- **ACTIVITY**
Skipping all pictures, please restate word for word the lines from the one that contains "1-Spray Setting 8" through the last line of the entries.

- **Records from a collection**
-------

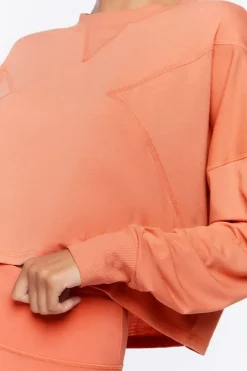 Active Long-Sleeve Crop Top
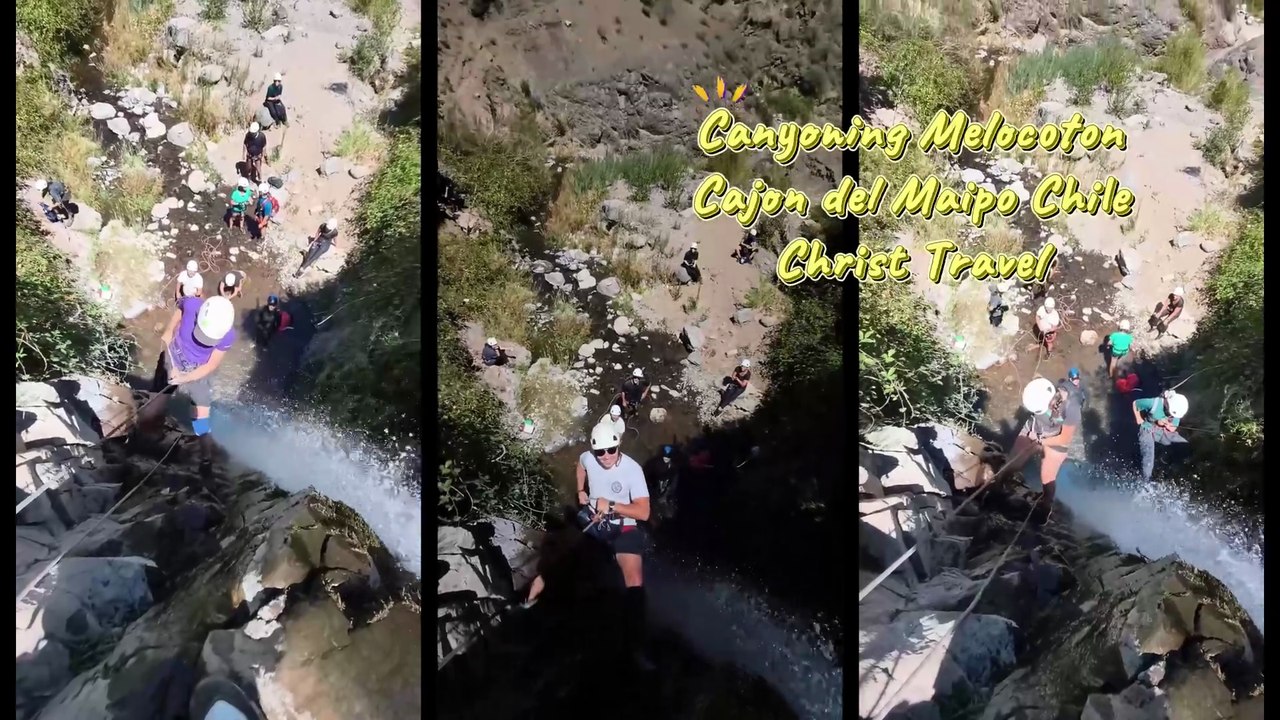 Canyoning Melocton Cajon Del Maipo Chile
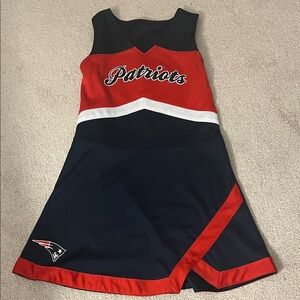 NFL Team Apparel Kids Jersey Dress in Navy and Red-Patriots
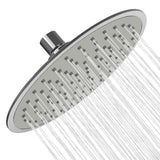 1-Spray Setting 8 in. Single Wall Mount Fixed Adjustable Shower Head in Chrome - Super Arbor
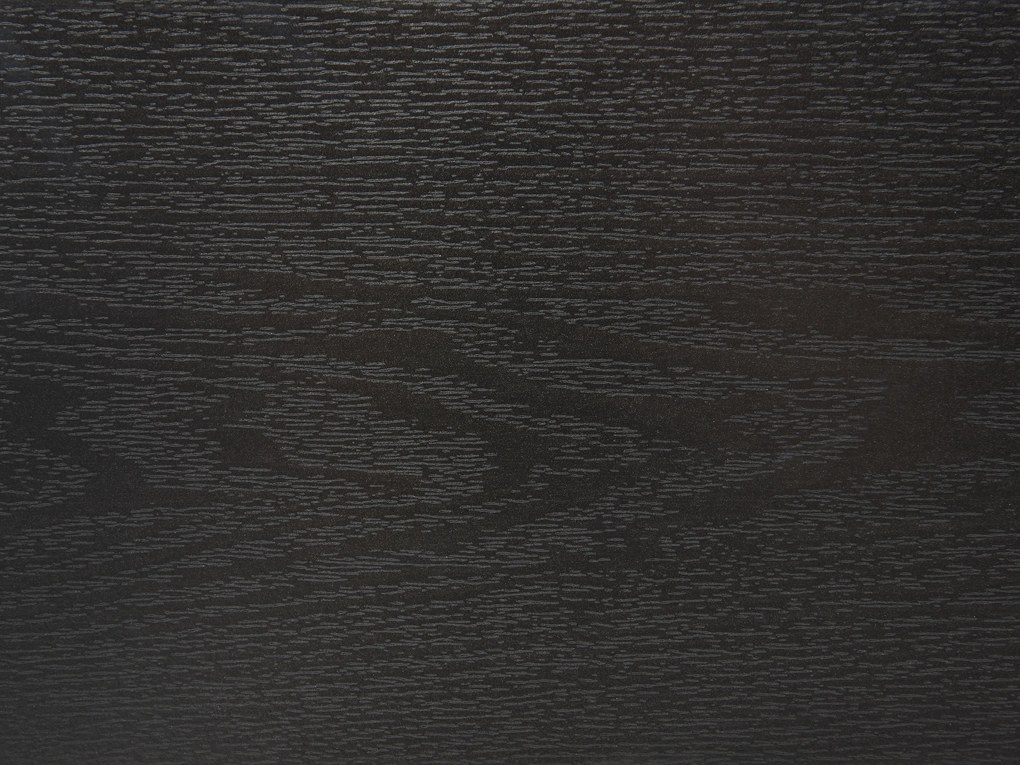 Fekete rattan franciaágy 140 x 200 cm MONPAZIER Beliani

-------

- **ANSWER SPACE**
 1-Spray Setting 8 in. Single Wall Mount Fixed Adjustable Shower Head in Chrome - Super Arbor
 Fekete rattan franciaágy 140 x 200 cm MONPAZIER Beliani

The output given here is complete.